Turnout huge for annual bonfire

Samuel Sutton

The cross country team carries their torches in the torchlight parade, an event part of Homecoming week, starting on Comanche Trail by the Daniel building, Oct. 29. Photo by Rachel Johnson
The cross country team carries torches in the torchlight parade, an event part of Homecoming week, starting on Comanche Trail by the Daniel Building, Oct. 29. Photo by Rachel Johnson

Fire, tradition, and school spirit – just some of the highlights of the Homecoming bonfire. The turnout was huge, just like Kevin Bazner, the assistant director of Student Development and Orientation, predicted.

“Since there are more people living on campus this year, I think we will have a much larger turnout than previous years,” Bazner predicted before the event.  Bazner predicted more than 1,000 students would attend.

To cover the large crowds, Student Development and Orientation bought 700 shirts, and more than 800 tiki torches, which costed about $2,000. The stage costed $500, and the pallets were donated by Pallet Outlet Inc.

The bonfire platform was built smaller than previous years so students could could enjoy a safe and fun traditional event.

“We wanted to create a manageable size that’s safe and enjoyable for all students in attendance,” Matthew Park, dean of students, said.

The size of the bonfire was a little upsetting to some students at the beginning of the event.

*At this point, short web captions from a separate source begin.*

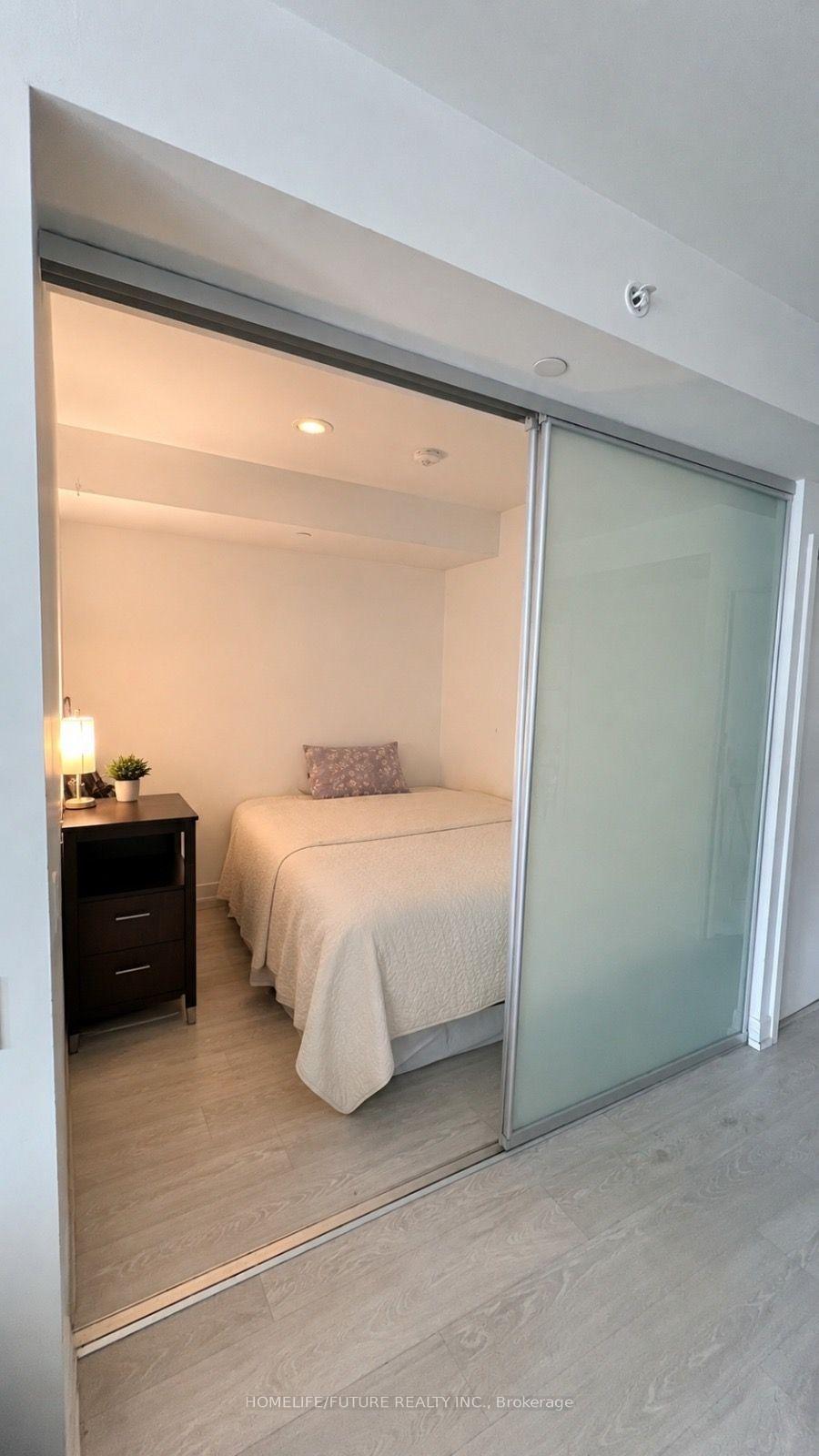 Photo 6 of Unit 706, 181 Dundas Street E, Toronto, Moss Park — HOMEH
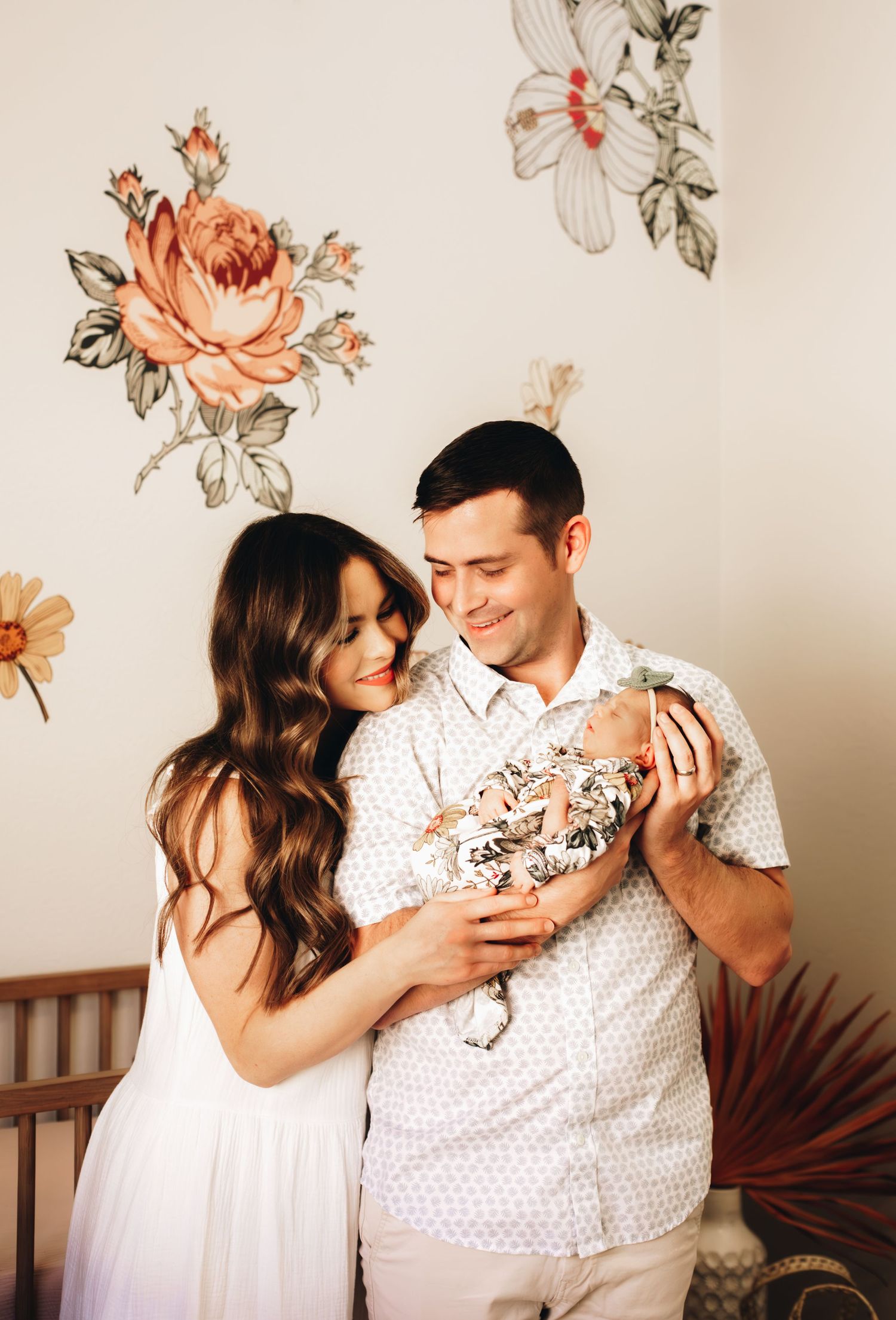 Family, Newborn, Maternity photographer | Dallas, Texas | Alexandra Alcos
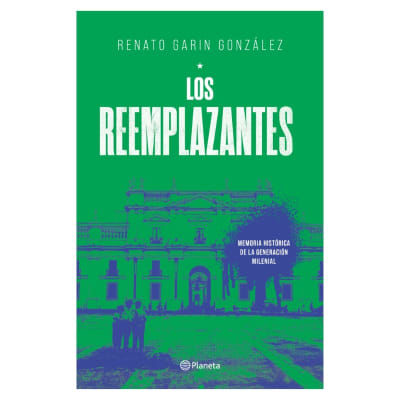 Los reemplazantes1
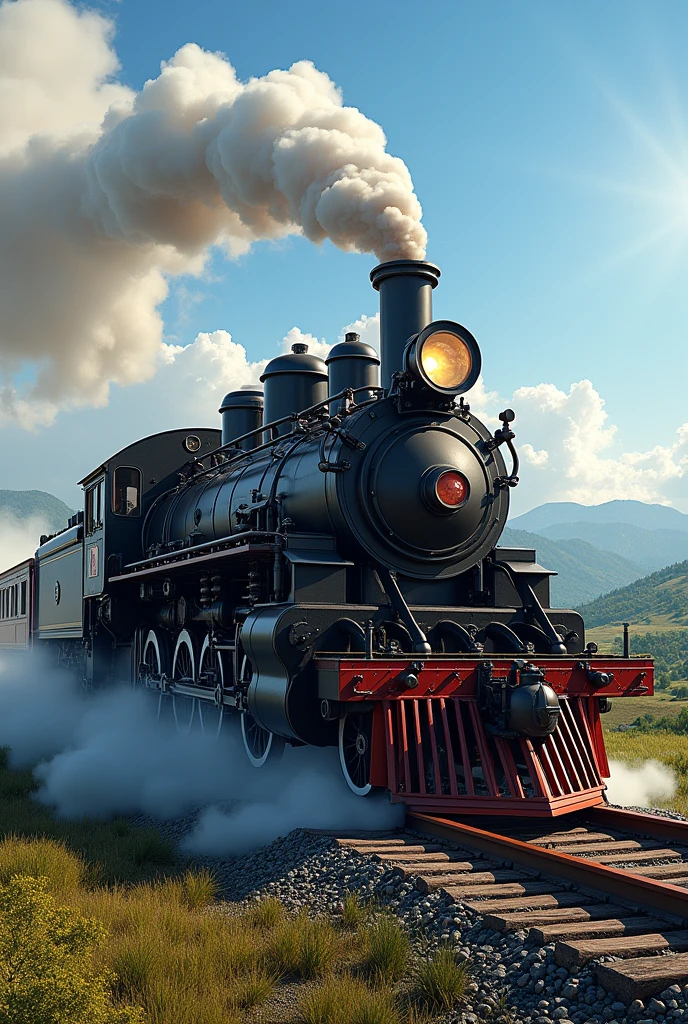 Train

“It seems a little small. I hope it doesn’t cause the fire to be small because that’s always the best part,” Adam Sutton, business finance sophomore, said. “I have gone to every bonfire since I’ve been here, and I haven’t been disappointed. I will definitely come back next year.”

Robert Lukeman, computer science junior, said, “I thought it would be a little bigger. I’m sort of a pyromaniac, so I hope its big.”

The fire turned out to be bigger than they thought it would be.

Lukeman said, “It was awesome, man. The fire was huge. I had to get out of the way a few times to avoid shards of fire.”

Ian Glasgow, computer science sophomore, said, “the fire was crazy. It was much bigger, and much better than last year’s fire.”

Tradition was a primary reason that students, all 1,300 of them, came out to see the bonfire.

Jordan Phillips, a radiology freshman, said,”I had to come out and show some school spirit. I wanted to see this big traditional event that everyone talked about.”

Glasgow said, “I want to be a part of the tradition and spirit of the campus before I have to graduate.”

The one thing that students complained about was the gasoline smell.

“It was really strong. I had to turn my head and cover my face a few times so I wouldn’t smell it,” Becca Rhone, special education junior, said.

Lindsey Johnson, a senior in general business, said, “I loved the event, I loved the fire, but I did not love the smell. I still watched it, but I had to suffer through a headache the whole time.”

The police set up the grounds on Wednesday, blocking the parking spaces for the pallets and the sand.

Park said, “they didn’t block off the whole lot until the day of the event because they didn’t want to inconvenience students. They only blocked off a part of it.”

The bonfire took about 10 hours to set up.

“We spent two hours laying the 25 tons of sand that covered 40 feet long and 20 feet wide. Then we took four hours putting together the pallets. The clean-up will take four more hours tomorrow,” Armando Muniz, the ground maintenance superintendent, said. “It’s definitely worth it. The students are always excited to see the fire.”